The decisive moment came in May 2026. The Supreme Court dismissed appeals by Green Tree, TRGI and TRG Pakistan against the Sindh High Court’s order cancelling Green Tree’s 30% stake. In doing so, it effectively endorsed the core findings of the lower court: that the Green Tree purchases were unlawful and that the method used was unfair to minority shareholders. The Court went a step further by ordering that Zia Chishti’s legal costs be paid, a symbolic but important nod to the fact that, at least in this chapter of the story, his camp had been vindicated. Commentators rightly described it as a landmark ruling, one that cleared the way for Chishti to again seek influence over TRG Pakistan through proper corporate channels.

The practical consequences of this decision are significant. First, nearly 30% of TRG Pakistan’s shares, previously in Green Tree’s hands, are effectively wiped off as a valid block of influence. That alone reshapes the balance of power at shareholder meetings and on the board. Second, Chishti and investors aligned with him now have a clearer path to reassert themselves, subject to shareholder voting and regulatory oversight. He has already signalled a desire to play a more active role, presenting himself as a defender of shareholder value and better governance. Third, and perhaps most importantly for the wider market, the case places corporate governance and minority rights squarely at the centre of Pakistan’s business conversation. The idea that a company’s own funds could be cycled through offshore vehicles to accumulate its shares is no longer just a clever structuring trick; it is a red flag.
Yet the picture is not one‑sided. While Chishti enjoys a major legal victory in Pakistan, the enforcement actions abroad remain a heavy shadow. The Bermuda order to transfer and sell his TRGI shares means that, even as he regains influence at the Pakistan‑listed company, his economic stake in the offshore parent may be weakened or diluted. The US tax and legal issues, along with the legacy of misconduct findings and loan disputes, make him a controversial figure. For a listed company that already carries complexity and opacity, this founder risk is not a trivial concern.

What does all of this mean for Pakistan’s business community and, in particular, for investors on the PSX? At one level, the courts have provided a measure of comfort: sophisticated offshore setups will not automatically shield corporate manoeuvres from scrutiny, and minority shareholders can, in some cases, find protection when they challenge powerful insiders.
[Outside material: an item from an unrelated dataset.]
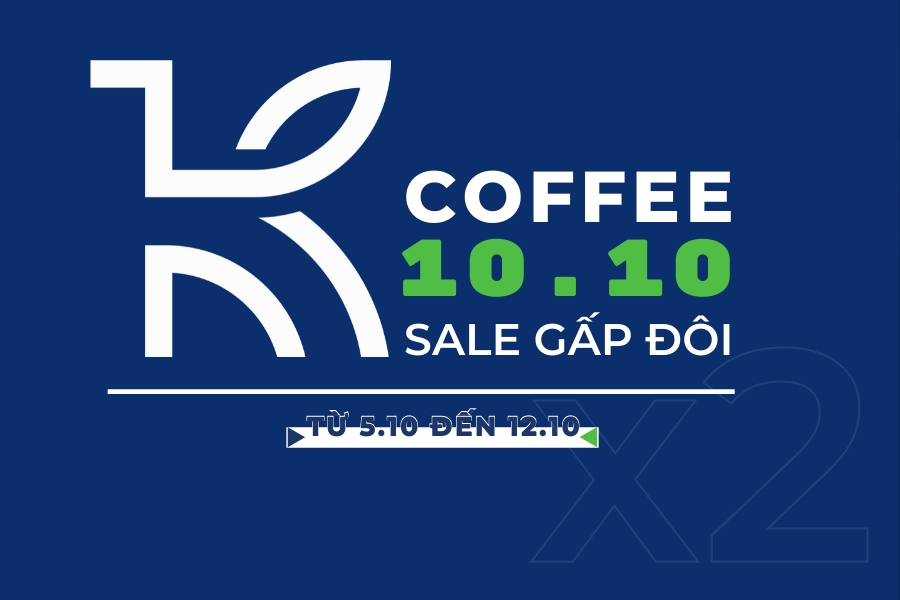 KCOFFEE ƯU ĐÃI 10.10 - SIÊU SALE GẤP ĐÔI KCOFFEE ƯU ĐÃI 10.10 - SIÊU SALE GẤP ĐÔI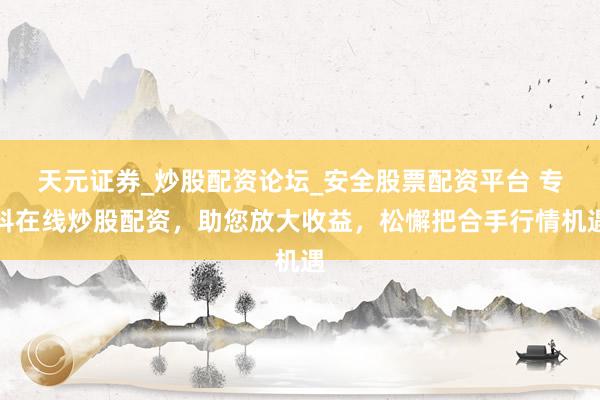 天元证券_炒股配资论坛_安全股票配资平台 专科在线炒股配资，助您放大收益，松懈把合手行情机遇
At another level, the drawn‑out TRG saga is a warning. It shows how fragile market confidence can be when ownership is scattered across jurisdictions, when related‑party dealings are not transparent, and when personal reputations of key sponsors collide with corporate interests.
TRG Pakistan now stands as both a business and a governance story. Its boardroom battles, upcoming shareholder meetings, disclosures to the market and interactions with regulators such as the SECP and PSX will be watched closely. Investors will be looking not just at earnings or asset valuations in IBEX and Afiniti, but at who truly controls the company and on whose behalf decisions are made. For Pakistan’s capital markets, the real question is whether the lessons from this case are internalised – by sponsors, by boards and by regulators – or whether TRG becomes just another cautionary tale that everyone reads, nods at, and then quietly forgets.